[What you need to do] Without any of the pictures, set down the data below exactly.

[Given material]
==========

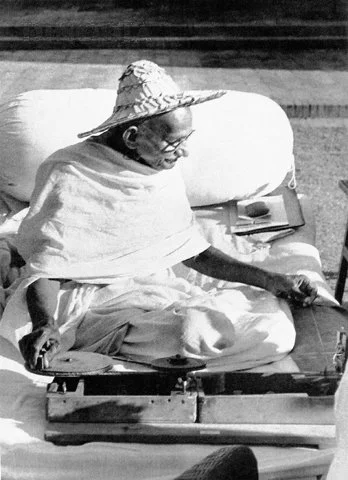 Here Gandhi is wearing a Noakhali hat whilst spinning at Birla House, New Delhi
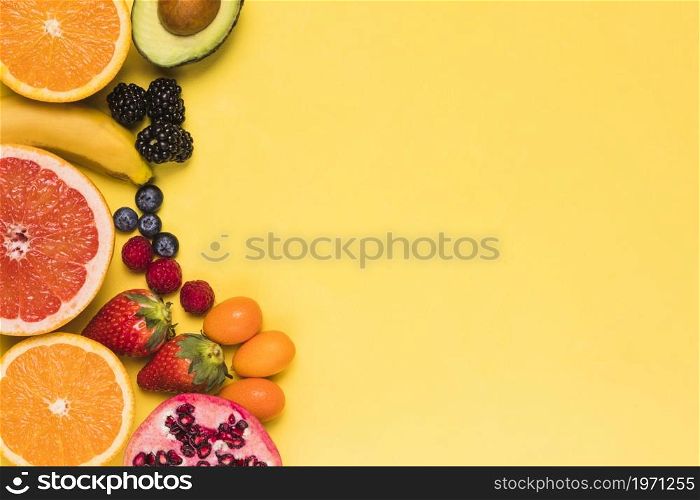 sliced fruits berries yellow background. High resolution photo. sliced fruits berries yellow background. High quality photo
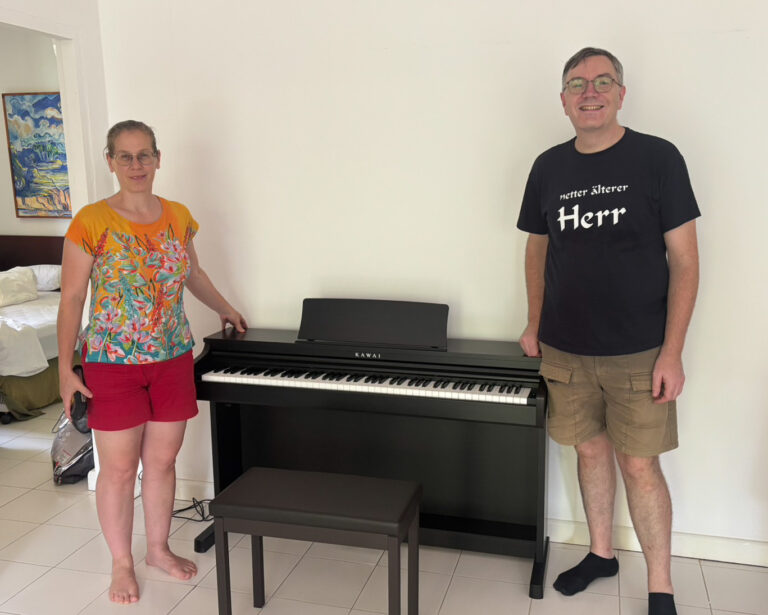 Two people stand beside a black Kawai digital piano in a bright room; woman on the left wears an orange floral top and red shorts, man on the right wears a black T-shirt and khaki shorts.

==========

[Response to this exercise]
 Here Gandhi is wearing a Noakhali hat whilst spinning at Birla House, New Delhi
 sliced fruits berries yellow background. High resolution photo. sliced fruits berries yellow background. High quality photo
 Two people stand beside a black Kawai digital piano in a bright room; woman on the left wears an orange floral top and red shorts, man on the right wears a black T-shirt and khaki shorts.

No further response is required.